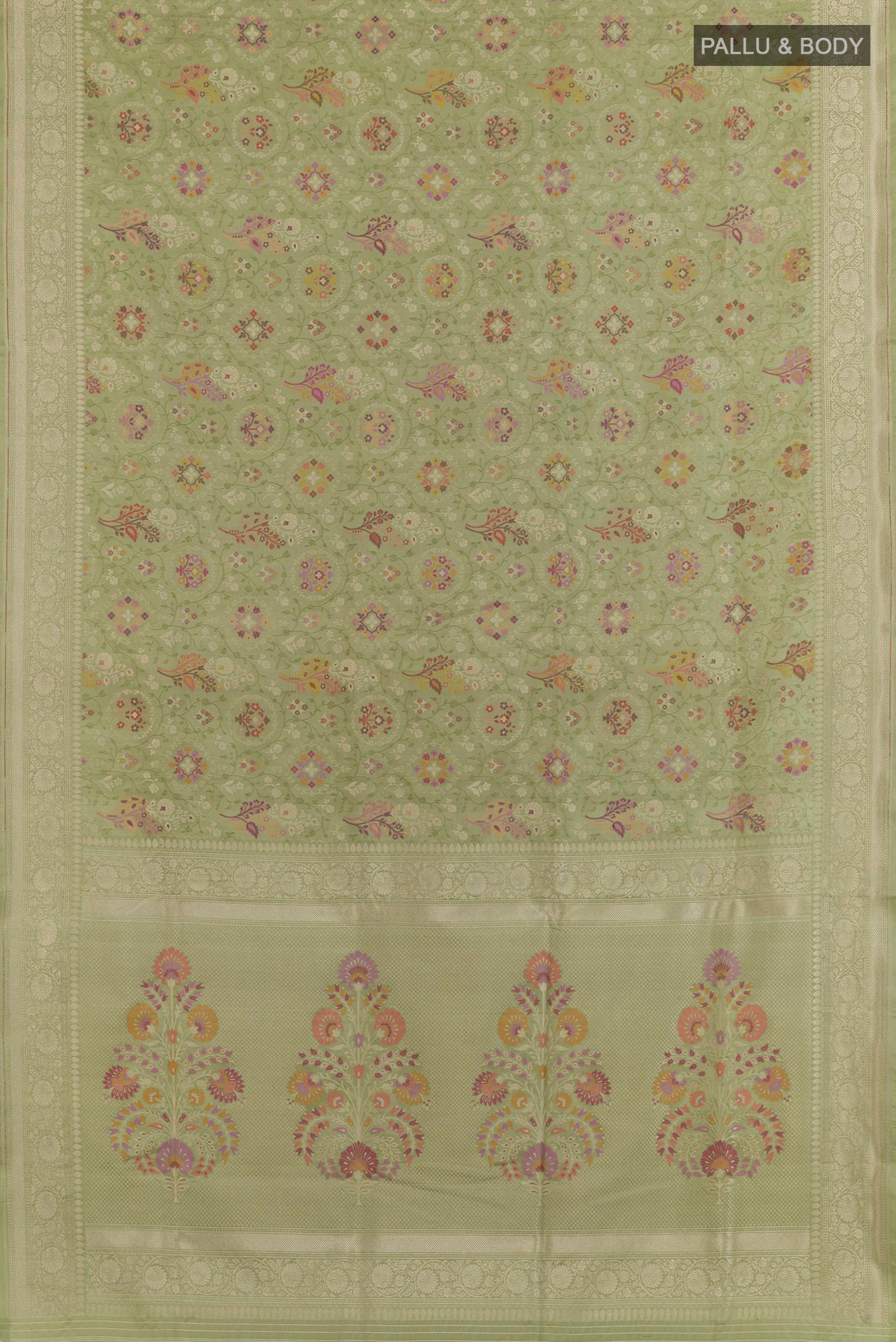 Flat view of Green Banarasi Silk Saree with Zari Brocade on the body and Zari Border. 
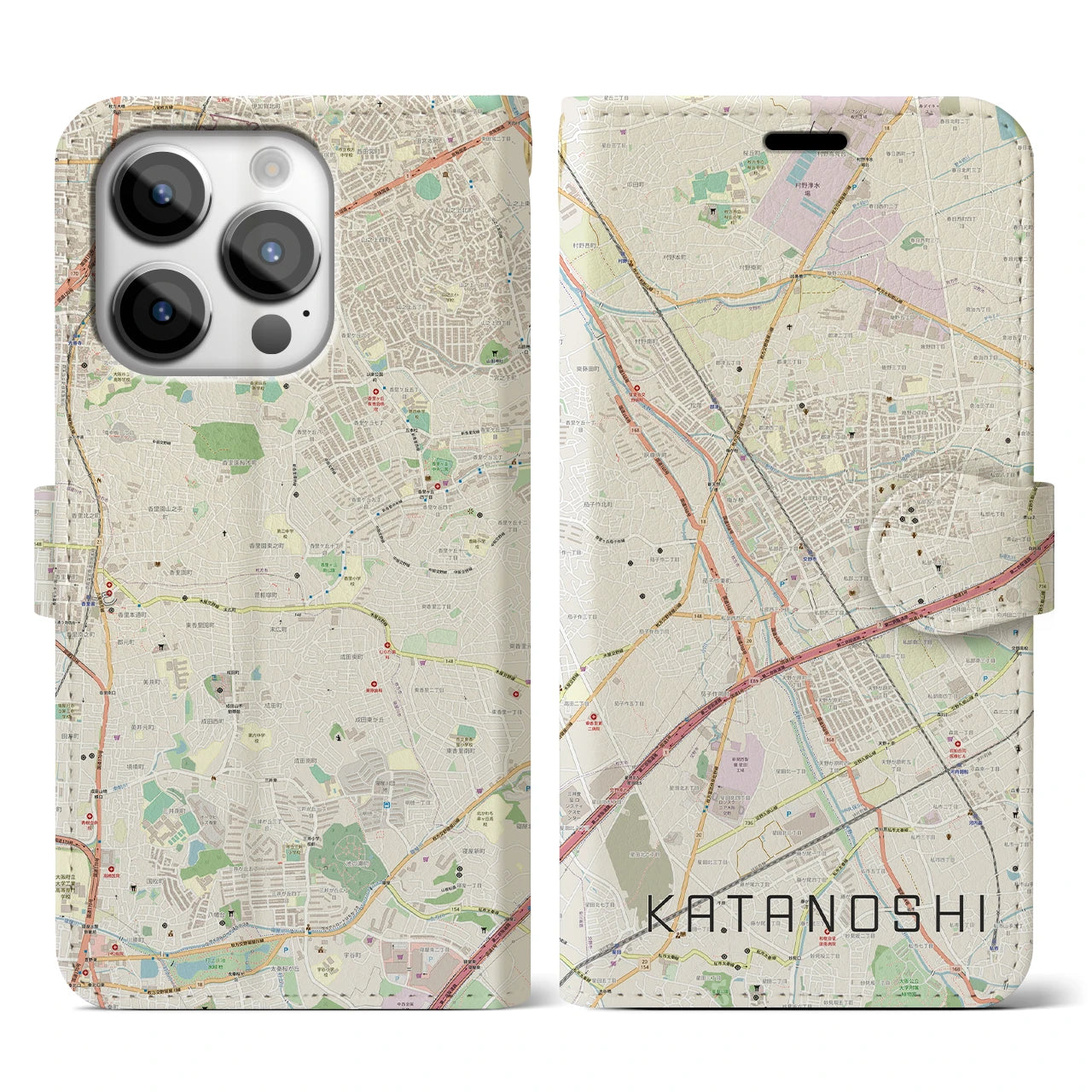 【交野市】地図柄iPhoneケース（手帳両面タイプ・ナチュラル）iPhone 14 Pro 用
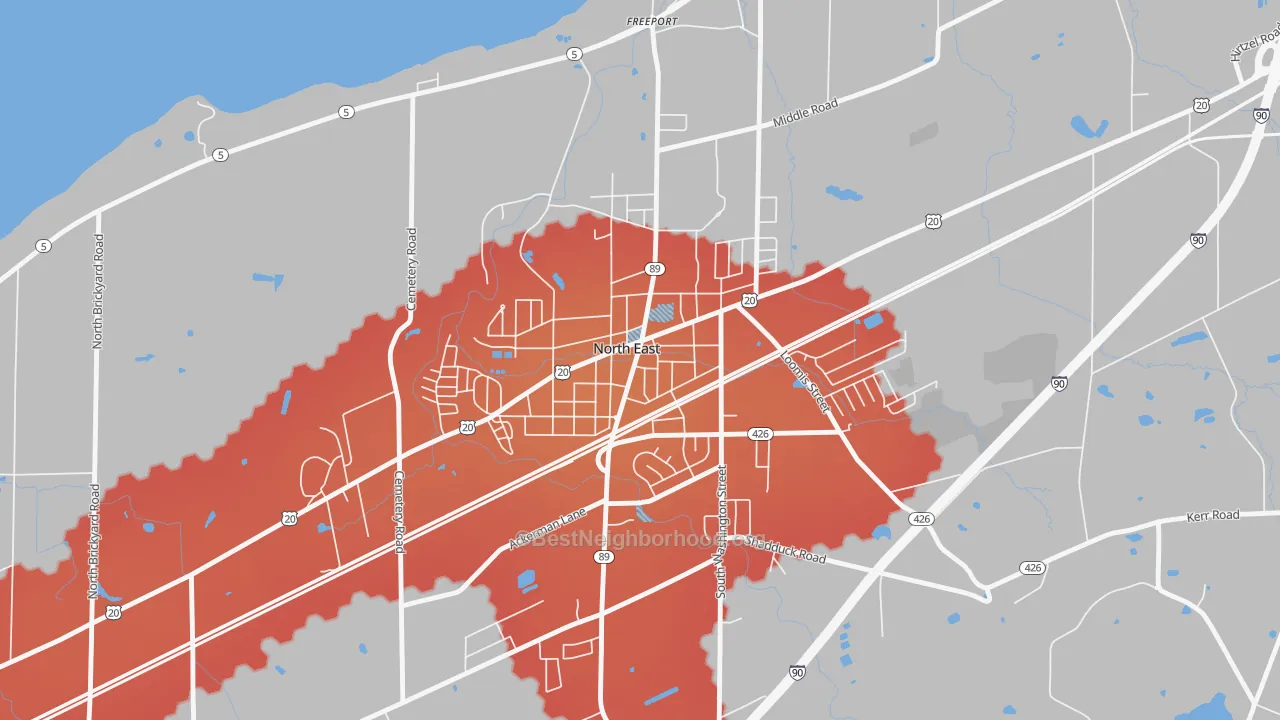Transit Grade map of Downtown North East, North East, PA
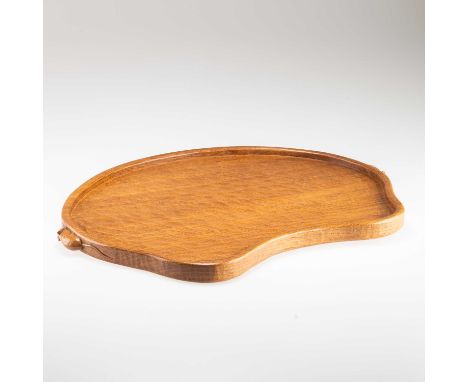 ROBERT THOMPSON OF KILBURN, A MOUSEMAN OAK TEA TRAY kidney-shaped, adzed top and sides, with twin mouse carrying handles. 45.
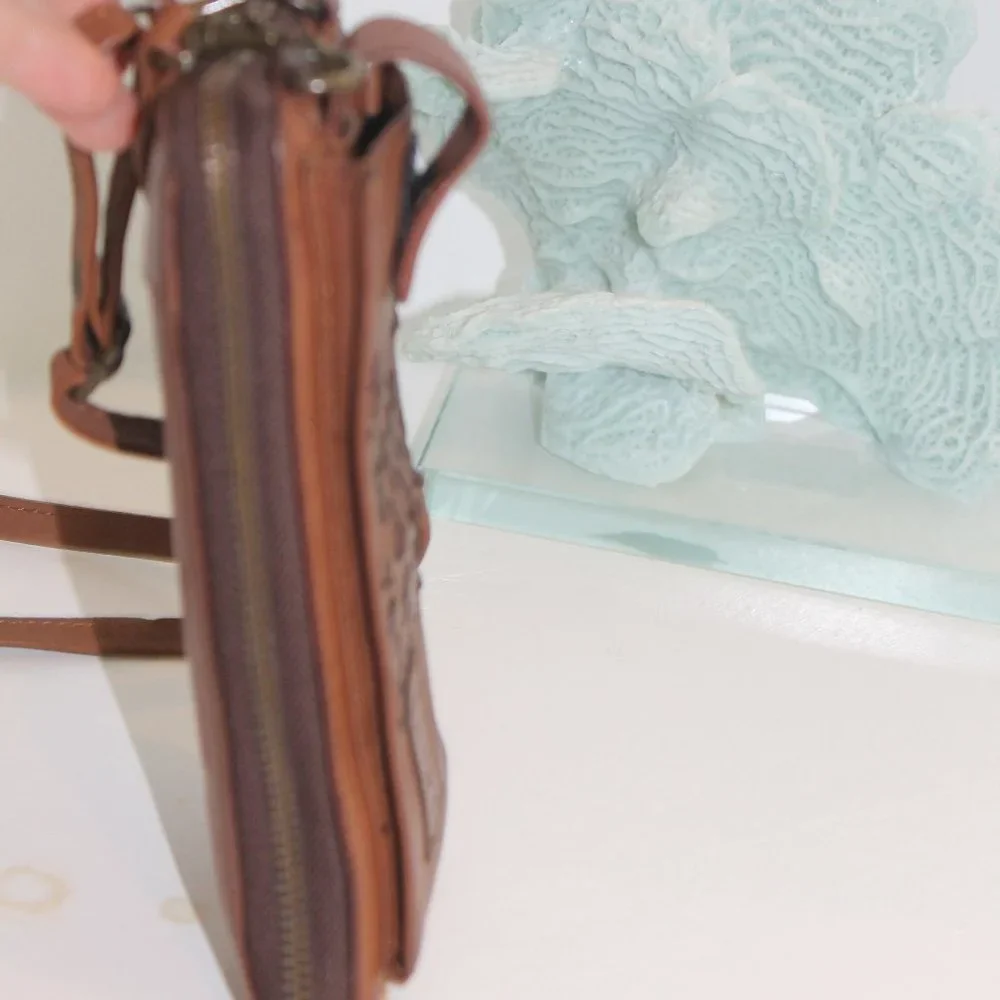 NEW Harbour 2nd Leather Crossbody Shoulder Messanger Bag Purse BROWN Cognac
_ _ _ _ _
What to do: Give back the material exactly as written, from its first line to the line that contains "ROBERT THOMPSON OF", and leave out the pictures.

Result of the task:
 Flat view of Green Banarasi Silk Saree with Zari Brocade on the body and Zari Border. 
 【交野市】地図柄iPhoneケース（手帳両面タイプ・ナチュラル）iPhone 14 Pro 用
Transit Grade map of Downtown North East, North East, PA
 ROBERT THOMPSON OF KILBURN, A MOUSEMAN OAK TEA TRAY kidney-shaped, adzed top and sides, with twin mouse carrying handles. 45.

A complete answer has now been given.